Alongside that, Mike and PFS developer John Compton have explained how your faction actions affect the overall plot of the seasonal campaigns, and what some factions can look forward to in the coming season. The Piazo blog post Faction Evolution explains the basics. Faction Evolution II takes a look at Cheliax and Andoran factions,  Faction Evolution III focuses on Osirian and Taldor factions, and Faction Evolution IV looks at the Scarnzi and Qadira factions.

Post-con thoughts

The GRC’s summer minicon in Abu Dhabi was a huge success, and in some ways I wish we’d organised more PFS during it. Waine ran an entire module, Crypt of the Everflame, for six players, though, which saw each of them rise a level (though I screwed up advising him on XP, prestige point and gold gains, believing he’s only run the first part of the module – next task: email corrected chronicle sheets to each player).

More PFS sessons were on Saturday morning. My 5-08 Confirmation table was significantly oversubscribed, so Jerome stepped up to run 4-18 The Veteran’s Vault.

As well as recruiting several new PFS players, the weekend saw a good deal of levelling up. As a pretty new lodge, we’re still eyeing Tier 1-5 scenarios, but we now have several level 3 characters.

The appetite for PFS games continues to amaze and delight me. I’m a little concerned we won’t keep up with demand, but as we enter the holiday season, one of our regular GM’s has left town for the summer, but another GM has stepped into the breach.

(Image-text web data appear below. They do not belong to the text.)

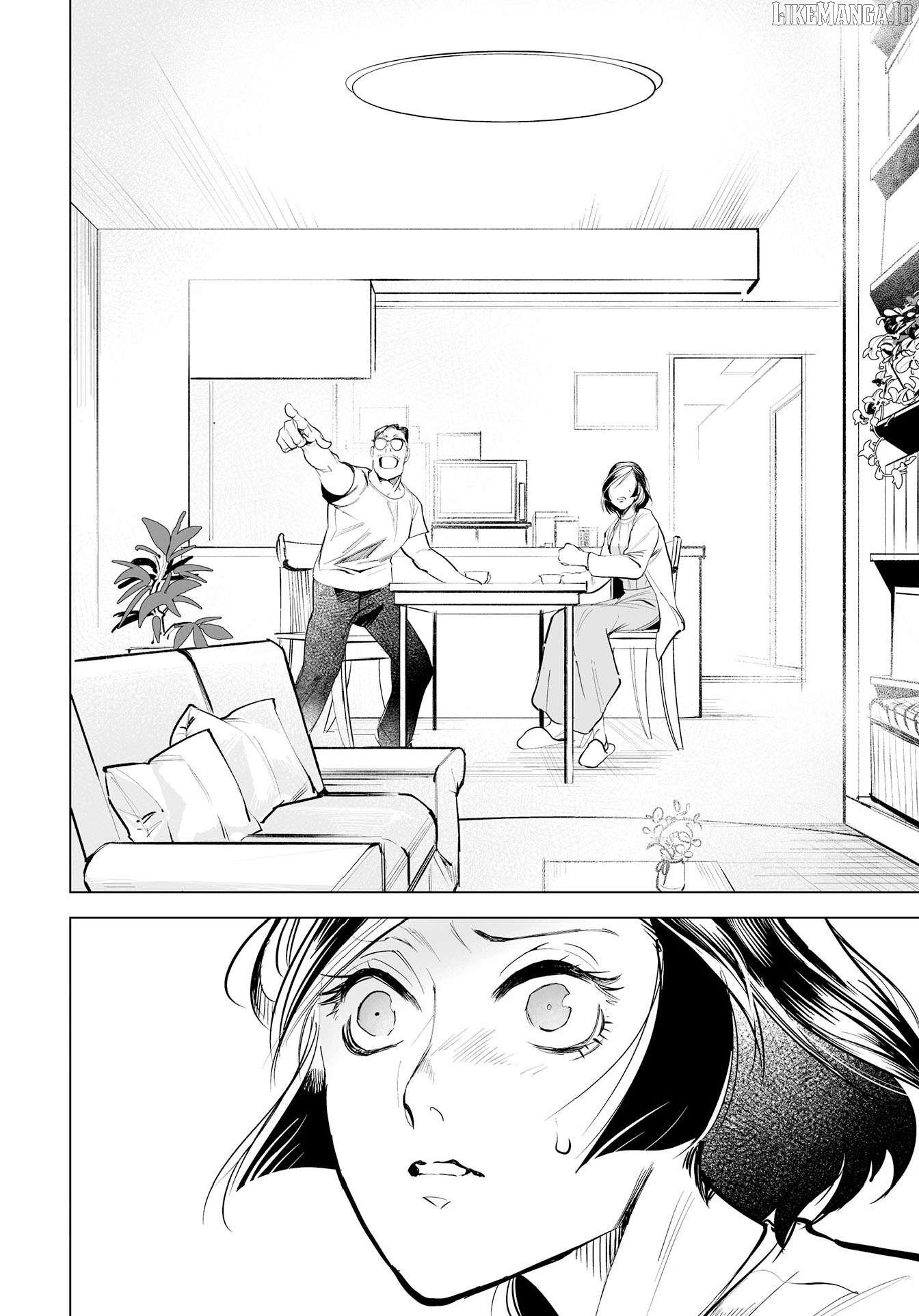 Tenshi no Saezuri Chapter 1 - Page 34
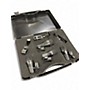 Used Digital Reference dRUM MIC SET Percussion Microphone Pack
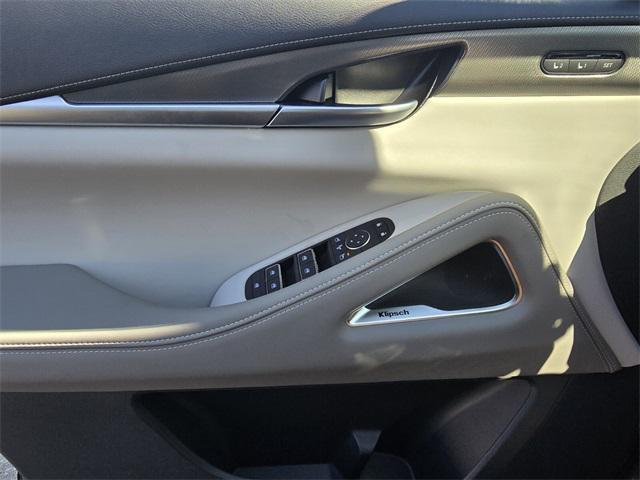 new 2026 INFINITI QX60 car, priced at $58,995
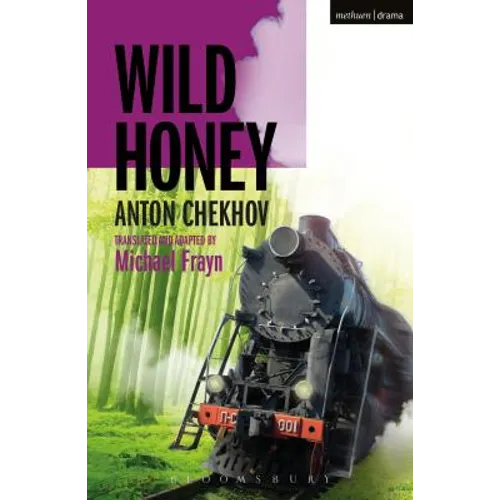 Wild Honey - Paperback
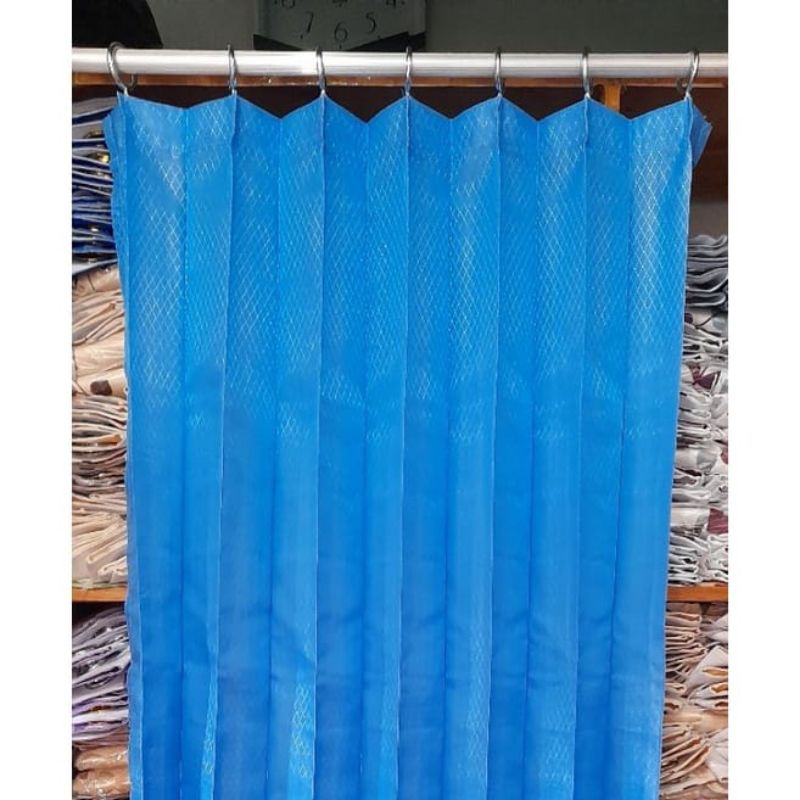 gorden jendela murah gorden plisket motif sido gorden pintu kamar tidur gorden polos gratus kawar S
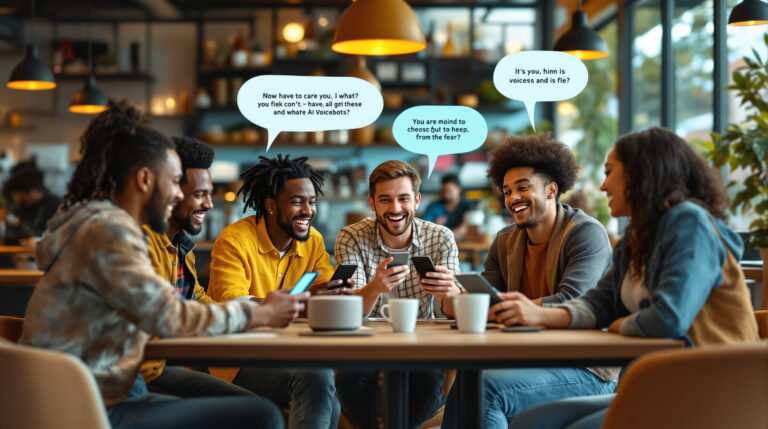 découvrez notre test approfondi sur la capacité des voicebots ia à comprendre et s'adapter efficacement aux slangs, pour une interaction plus naturelle et fluide.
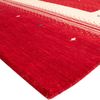 Gabbeh Teppich - Loribaft Softy - Aurora Flair 180 x 120 cm - rot Bild 4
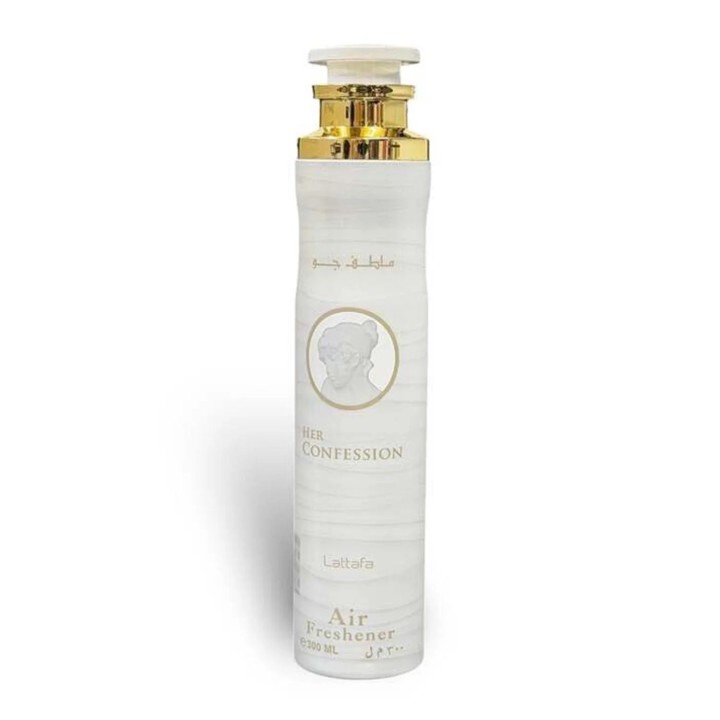 Lattafa Her Confession Air Freshener 300ml Spray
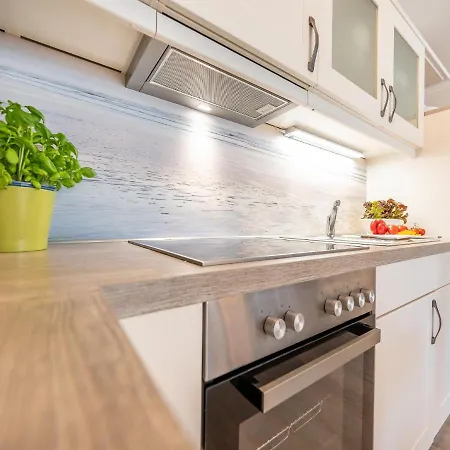 Duenenpark - Komfortplus Mit 1 Schlafzimmer Und Balkon Im Obergeschoss 133 Binz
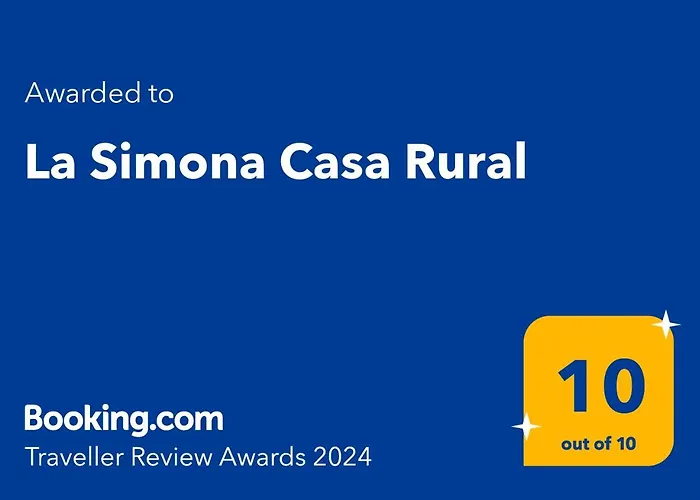 La Simona Casa Rural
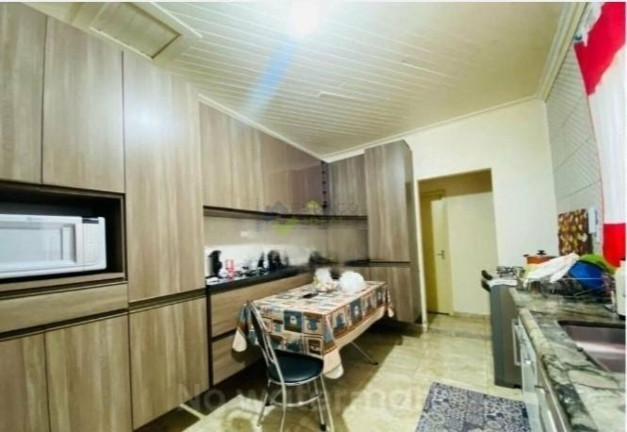 Imagem Casa com 2 Quartos à Venda, 135 m² em Núcleo Habitacional Luis Zillo - Lençóis Paulista
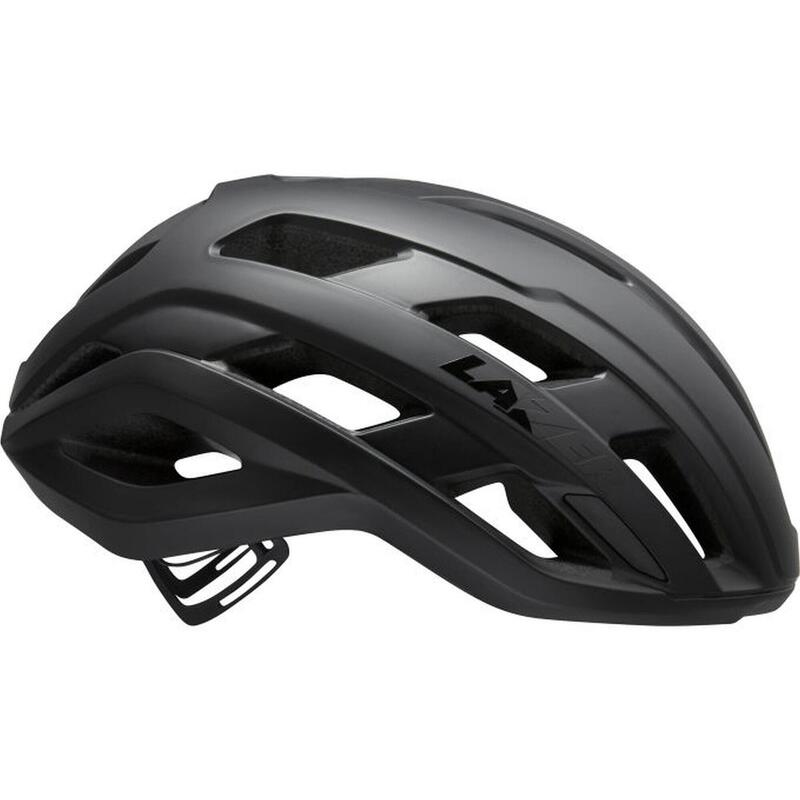 LAZER Rennrad/Gravel-Helm Strada KinetiCore, Full Matte Black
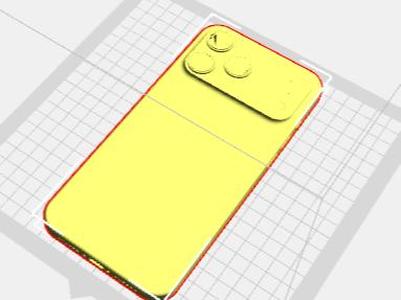 Iphone 17 Dummyphone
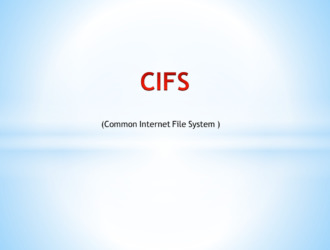 Как подключить общий ресурс Windows на Linux с помощью CIFS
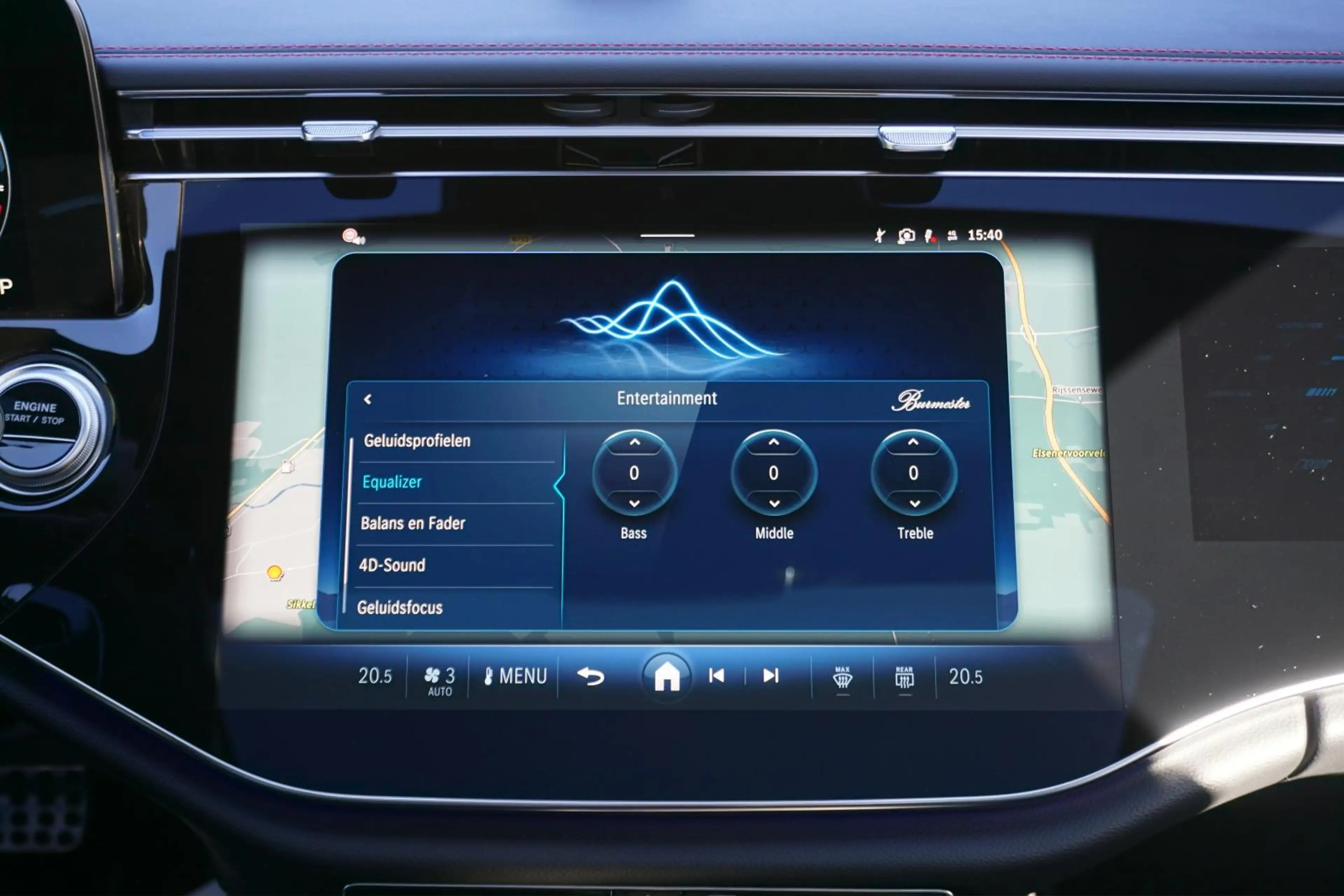 Mercedes-Benz E 53 AMG E 4-Matic+ | Panoramadak | MBUX Superscreen | Burm — photo 15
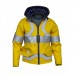 Cyberpunk 2077 Edgerunners Yellow Jacket Cyberpunk 2077 Edgerunners Yellow Jacket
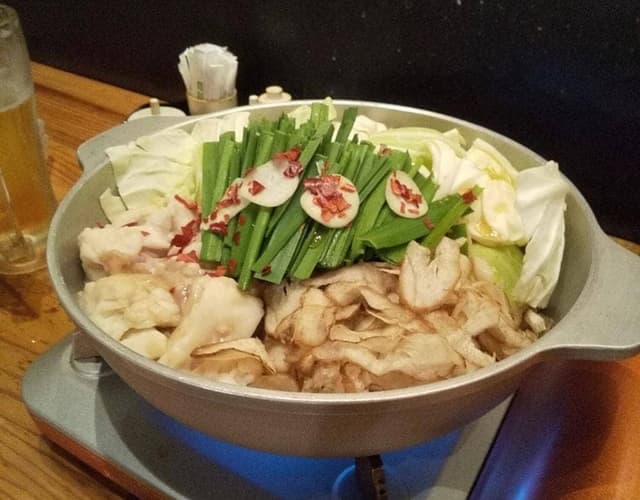 博多もつ鍋 やまや 京都木屋町店 - サブ画像1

The end of the school term this summer also co-incides with the start of Ramadan, which may require us to reschedule our regular afternoon games to the evenings, after Iftar. Whether or not our Bean Machine gets a daytime serving licence, I won’t be able to smoke outside the mall before sunset…

Hollow’s Last Hope isn’t PFS-compatible

We’ve had a couple of GMs suggest running the Paizo module Hollow’s Last Hope as a Pathfinder Society game – possibly because it’s a free scenario, it was produced by Paizo, so it’s got to be PFS compatible, right?

Unforunately, no, it isn’t. Hollow’s Last Hope was written for the 3.5 rules system, before Pathfinder was published. While most of the Season 0 PFS scenarios (also written for 3.5) have been adapted for Pathfinder, none of the other modules have.

If you’d like to run modules or adventure paths that are not specifically written for Pathfinder Society, check the PFS Additional Resources document for any specific changes you may need to make. If the module you’re interested in isn’t in the Additional Resources document, it isn’t legal for PFS.

Another clue is that PFS-compatible modules include a link to their Chronicle Sheet in their product description.